Sources for collecting information on
Benchmarking
• (i) Management consulting organization have set up data
bases as mentioned below :
• a. A.T. Kearney’s Manufacturing Centre for Excellences.
• b. Price Water Houses’ Benchmarks Alliance
• c. Arthur Andersons Global Best Practices Knowledge Base.
• (ii) American Productivity and Quality Centre’s,
International Benchmarking Clearing house.
• (iii) Industry Associations
• (iv) Govt. Publications
• (v) Business Magazines
• (v) Market survey findings etc.
Bench Trending
• While the benefits of benchmarking are quite impressive, it results
in the benchmarking partner to be forever in a catch up situation.
The better partner will not stand still but will be booking
continuously for ways to improve his own performance. To leapfrog
it becomes imperative for an organization to continuously do a
P.E.S.T Scan - monitor the developments in the political, economic
social and technological fronts and identify future gaps that may be
created by significant market changes, customer preferences,
innovation, threats of new entrants and other environmental
variables critical to the long term success of the firm.

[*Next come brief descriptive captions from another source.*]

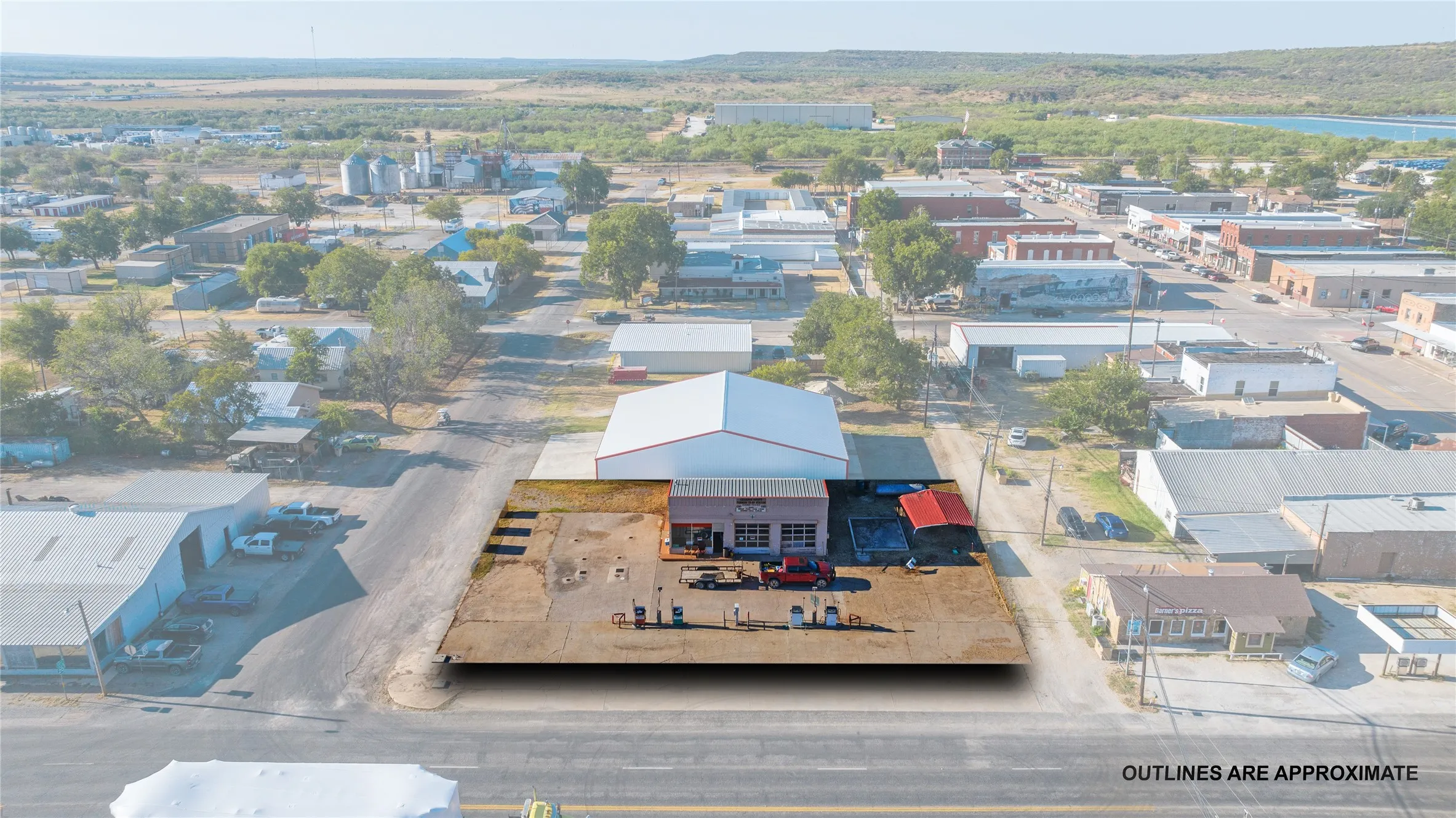 Retail For Sale in Callahan County , 131 E 4th Street, Baird, Texas 79504, 0, 0, Garage spaces, 0 Sqft, built in 1955, mls#21391443, Real Estate Agent in Baird, Homes For Sale in Callahan county, Homes For Sale in Baird, Realtor in Baird Texas, Real Estate Brokerage Independent Realty Texas, Luminita Cordes Realtor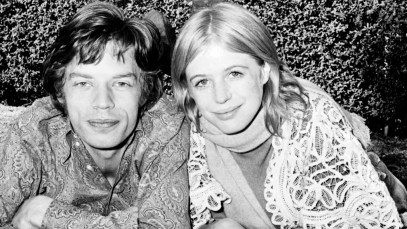Mick Jagger, Other Rolling Stones Members, & Metallica Pay Tribute to Late U.K. Singer/Actress Marianne Faithfull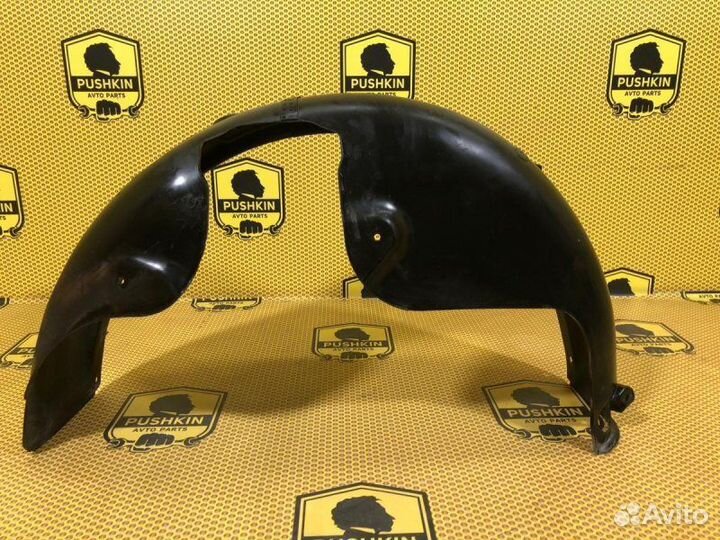 Подкрылок задний левый Hyundai Creta GS G4NA 2017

Such trend
studies are known as “Benchtrending” which is similar to
benchmarking, but with a structural dimension.
• Strategic Performance Evaluation and Management Tools
Steps in Strategic Bench Trending
• i) Firstly the market is defined by determining its size, customer
preferences, competitors and relative business position of the company
within the market.
• (ii) The industry direction, technology shifts, geopolitical changes,
customer changes and potential threats from outside sources are
assessed.
• (iii) The strongest current and potential competitors are then determined
by evaluating the trends in industry.
• (iv) Data on performance of competitors is gathered and the current and
future performance of the unit is compared with that of its competitor.
• (v) A performance baseline for the business units is then established and
the relative performance of current and projected competition is
estimated.
• (vi) A set of initiatives which form the basis of an improvement plan are
identified to maintain strengths while reducing projected gaps.